In the United States, over 113,000 people are currently awaiting organ transplant.
- Approximately 19 people die each day while waiting for an organ due to the shortage.
- An estimated 12,000 people die annually who would be medically suitable to donate organs. Only about 8,000 actually donate.
- Diseases of the heart, lung, pancreas and kidney are more common in ethnic minorities than Caucasians. For example, African Americans make up more than one third of the national waiting list for kidney transplants.
One organ donor can save up to eight lives with transplant organs and improve the quality of life for up to 50 people with donated tissues.
- There is no age limit to becoming a donor.
- Very few illnesses actually prevent someone from being a donor.
- If you’re already an organ donor, remember to tell your family that you believe in donating life! Informing family helps smooth out the process and makes them more comfortable when honoring your wishes.
- Organ donation does not come at a cost to the donor’s family. The donor’s family pays for medical care and funeral costs, but not for organ donation. Costs related to donation are paid by the recipient, usually through insurance, Medicare, or Medicaid.
- The matching system for pairing donors and patients is computerized. Recipients’ financial or celebrity status never factor in.

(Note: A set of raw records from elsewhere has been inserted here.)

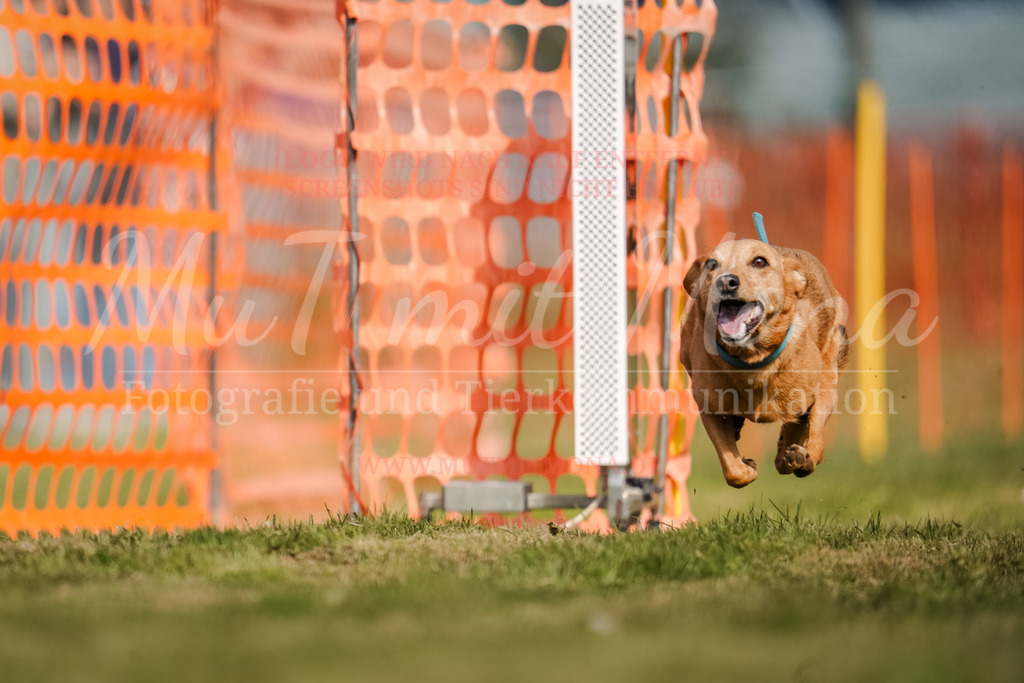 20250928_Hunderennen-464 | MuT (Mensch und Tier) mit Mona - Fotografie und Tierkommunikation - Realisiert mit Pictrs.com
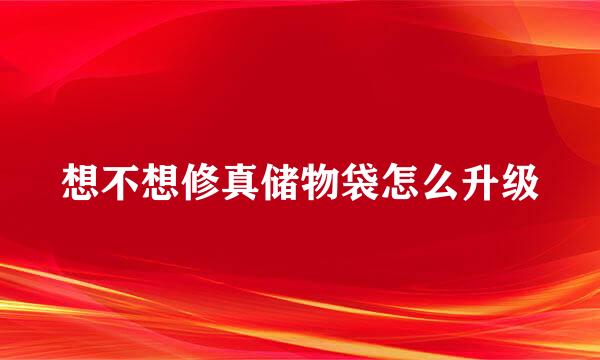 想不想修真储物袋怎么升级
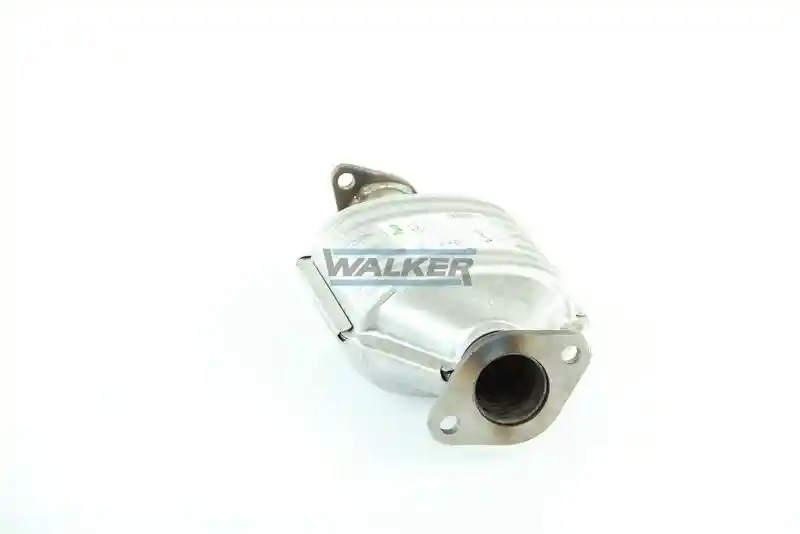 WALKER 20072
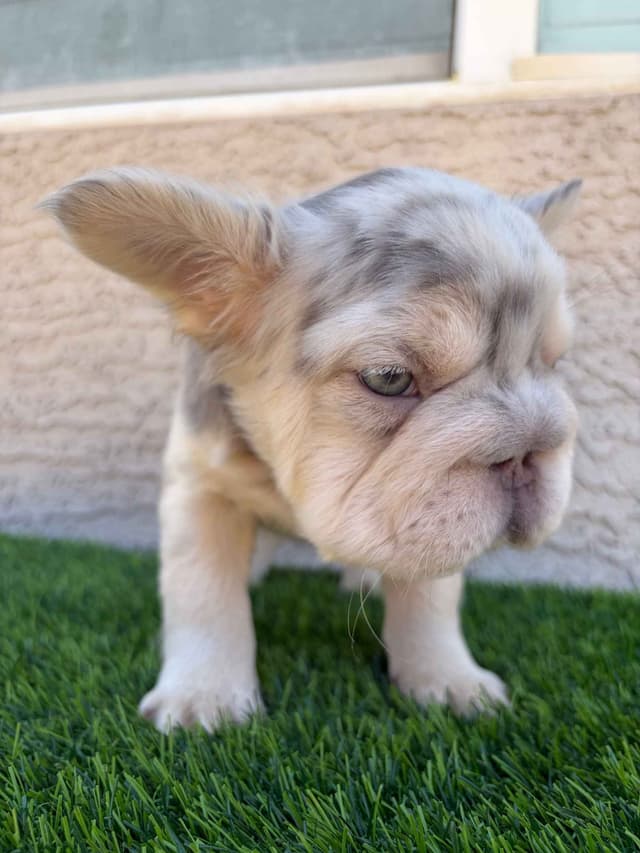 French Bulldog Puppies media 3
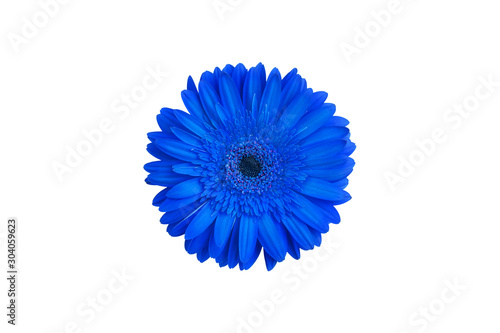 One blue gerbera flower on white background isolated close up, single gerber flower, daisy head top view, romantic greeting card decoration, decorative design element, botanical floral art pattern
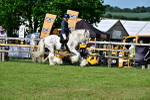 SBM_09381
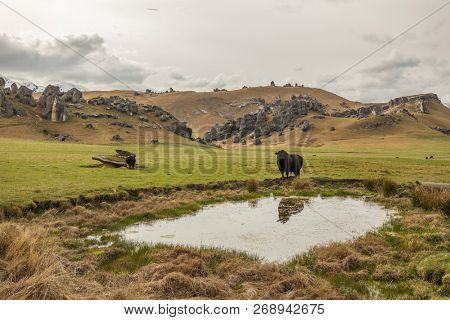 The Castle Hill Conservation Area or  Kura Tawhiti, Arthur's pass, Limestone rock formations, Southern Alps, South island, New Zealand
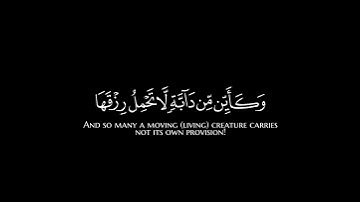 الذين صبروا وعلى ربهم يتوكلون|كروما قرآن القارئ عبدالرحمن مسعد |سورة العنكبوت|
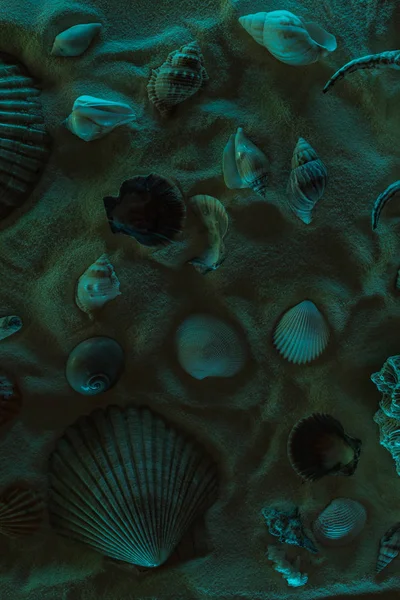 Vista superior de conchas marinas y piedras marinas sobre arena con luz oscura - foto de stock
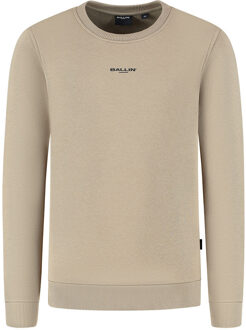 Ballin winter sweater jongens - taupe - animal take over - Maat 164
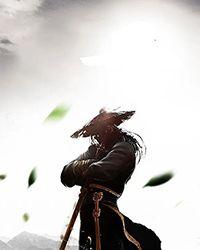 武林至尊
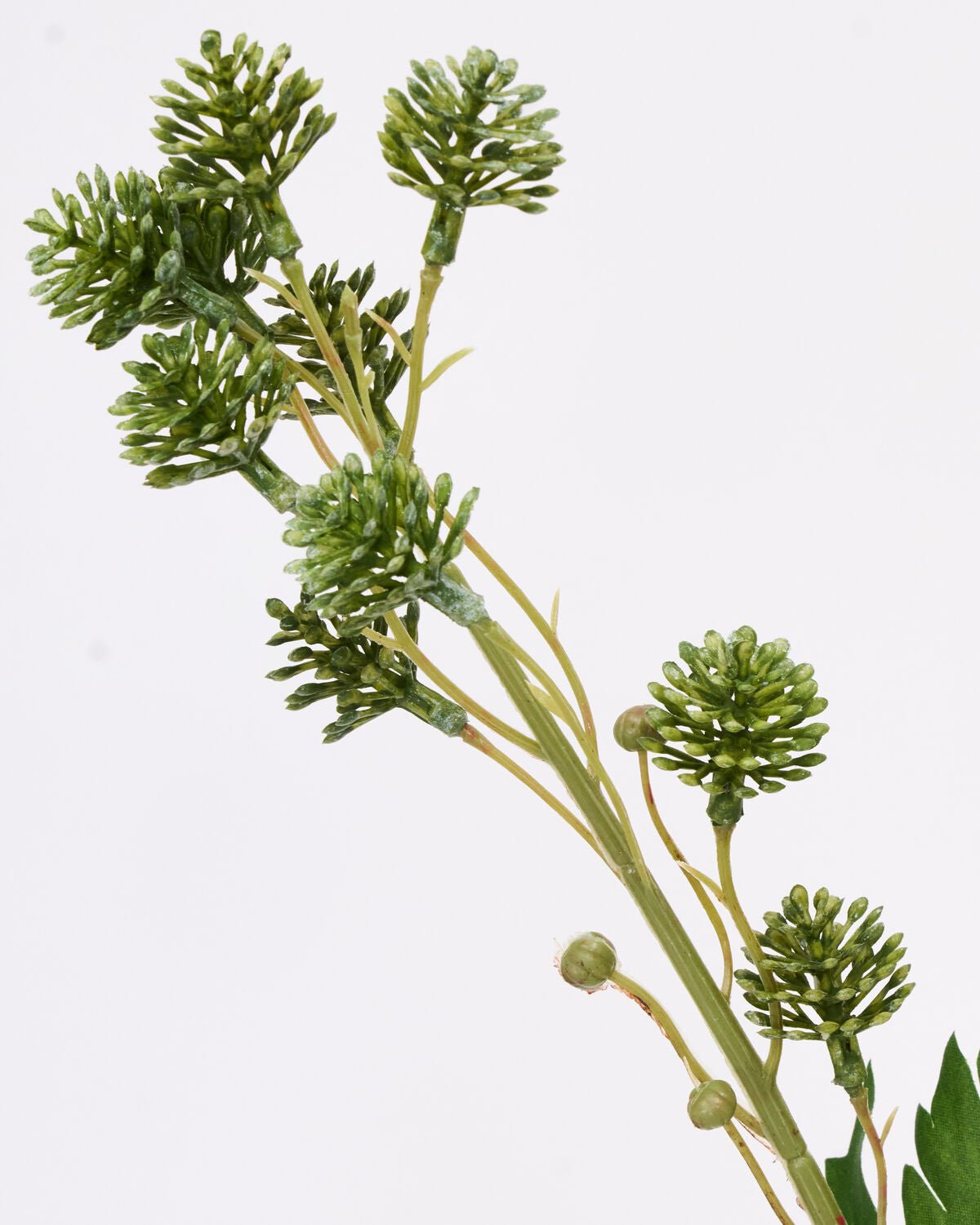 House Doctor Kunstzweig SEDUM grün | 20x80cm - Sir Henrys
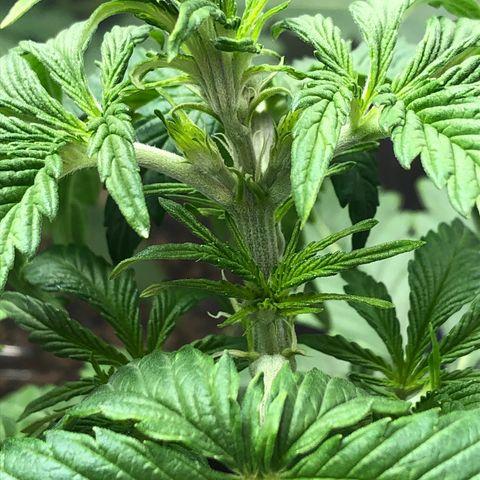 Bruce Banner auto 💪💚🌳👒🦚 growlog timeline photo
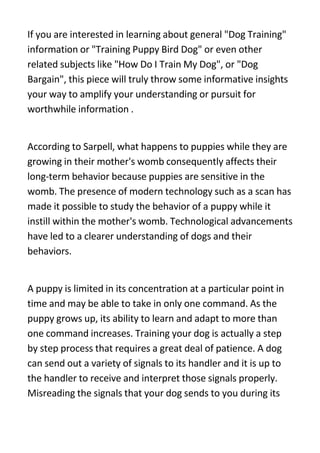 If you are interested in learning about general quot;Dog Trainingquot;
information or quot;Training Puppy Bird Dogquot; or even other
related subjects like quot;How Do I Train My Dogquot;, or quot;Dog
Bargainquot;, this piece will truly throw some informative insights
your way to amplify your understanding or pursuit for
worthwhile information .


According to Sarpell, what happens to puppies while they are
growing in their mother's womb consequently affects their
long-term behavior because puppies are sensitive in the
womb. The presence of modern technology such as a scan has
made it possible to study the behavior of a puppy while it
instill within the mother's womb. Technological advancements
have led to a clearer understanding of dogs and their
behaviors.


A puppy is limited in its concentration at a particular point in
time and may be able to take in only one command. As the
puppy grows up, its ability to learn and adapt to more than
one command increases. Training your dog is actually a step
by step process that requires a great deal of patience. A dog
can send out a variety of signals to its handler and it is up to
the handler to receive and interpret those signals properly.
Misreading the signals that your dog sends to you during its
 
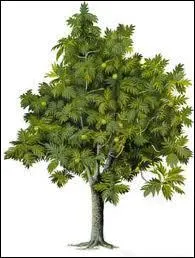 Comment se nomme l'arbre empoisonn par Luke ?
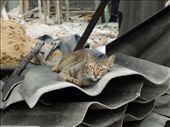 A stray cat at a construction site that Sarah wanted to adopt : by sglass, Views[168]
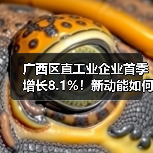 广西区直工业企业首季增长8.1%!新动能如何推动产业升级?(图1) 广西区直工业企业首季增长8.1%!新动能如何推动产业升级?(图1)
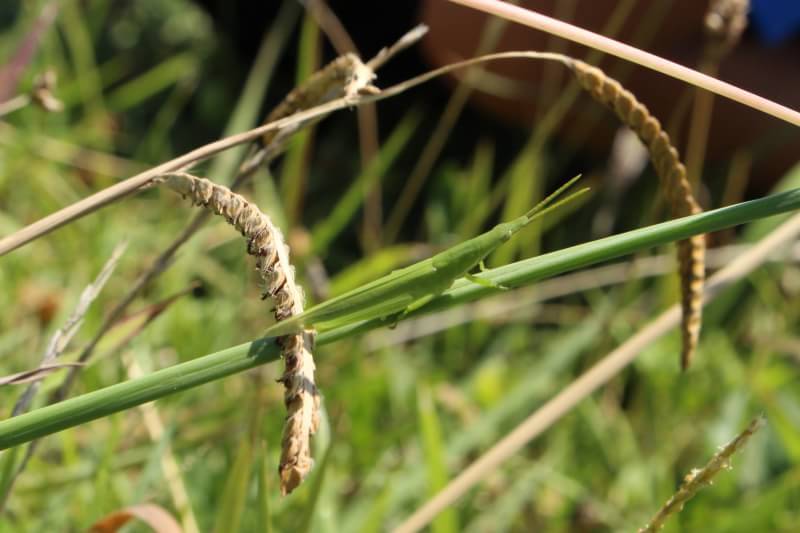 バッタはどこだ？？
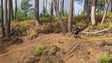 Imagem de Prazeres receberam a última prova da época de Downhill (vídeo)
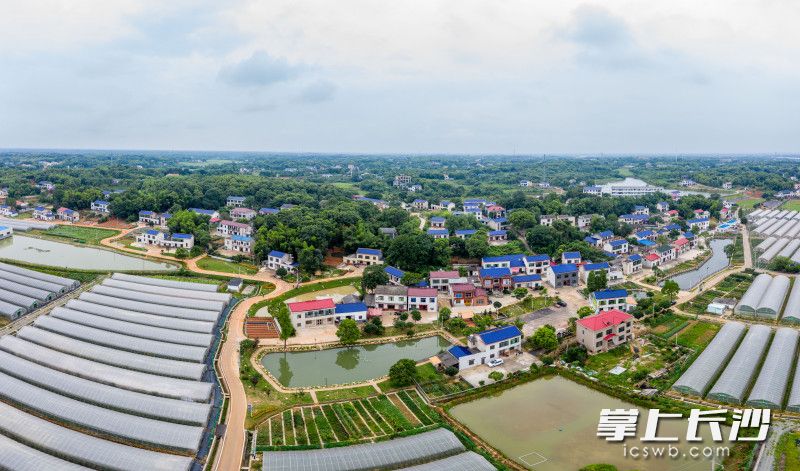 焕然一新的思源屋场即将完工。长沙晚报全媒体记者 陈飞 摄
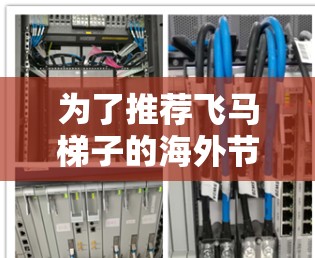 为了推荐飞马梯子的海外节点，您需要考虑以下几个关键因素
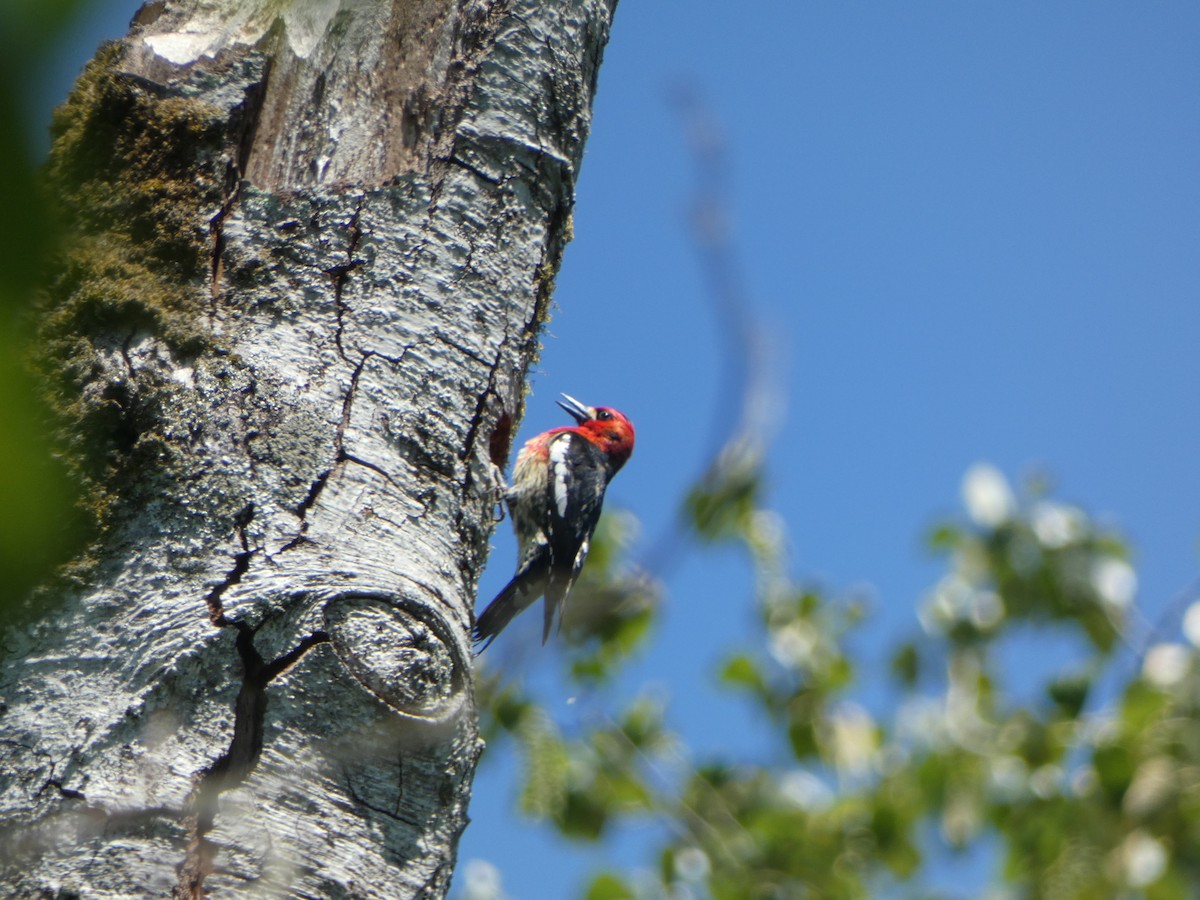 Red-breasted Sapsucker - ML619174187
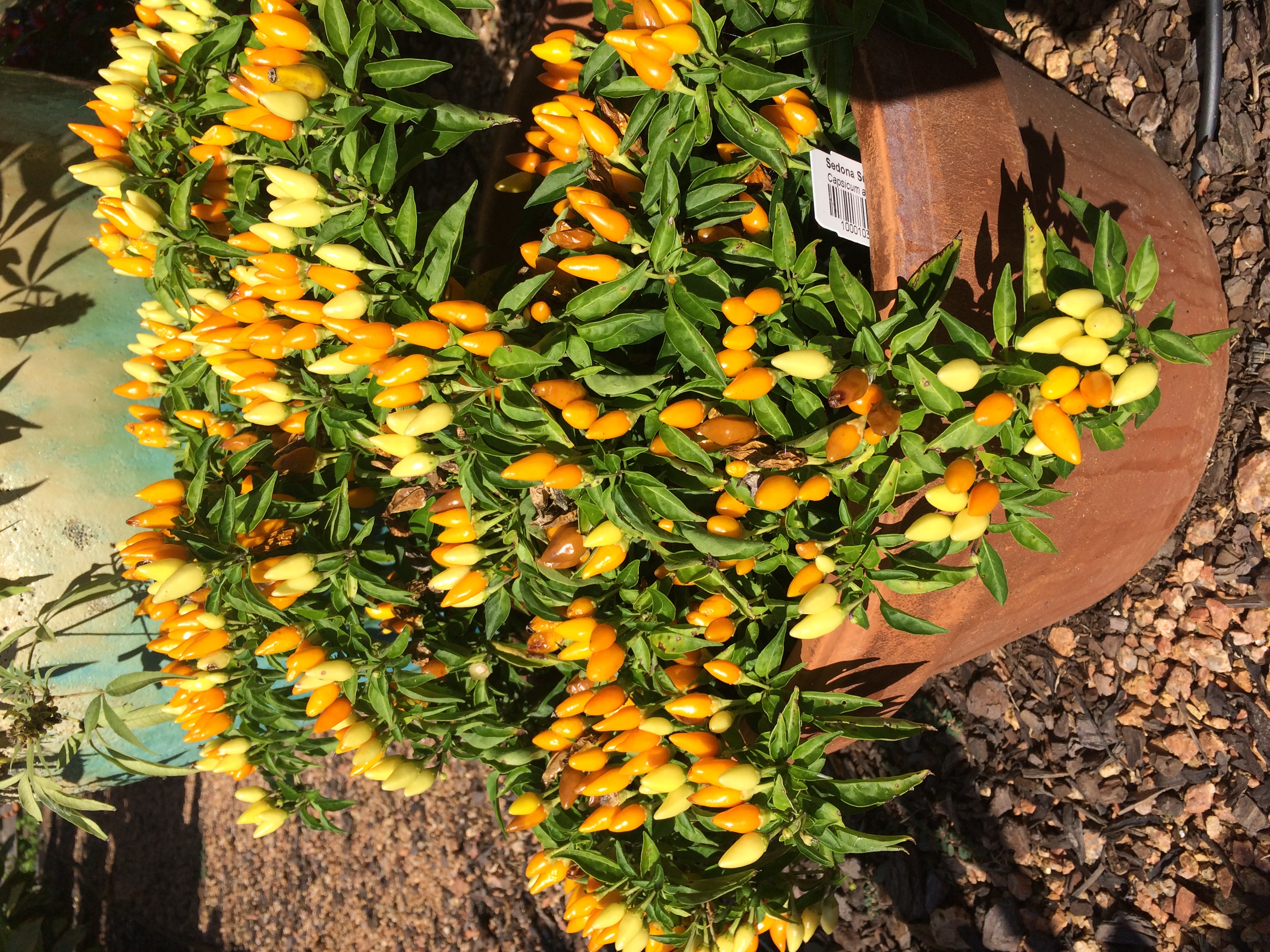 Bright yellow and orange fruit growing from an ornamental pepper cultivar annual plant inside of an outdoor pot.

- Minority donors are greatly needed. Race is not a factor in organ matching, but there is a better chance of finding a compatible blood type from donors of a similar ethnic background.
Did you know…
Most major religions are not opposed to organ donation and transplantation; several strongly encourage it because of its life-saving potential. Some religions view it as a decision that must be made by the individual regardless of their stance on the issue. Catholicism, Judaism, and Islam, for example, strongly support donation. The Mennonites, Quakers, and Church of Latter Day Saints feel that the choice is personal.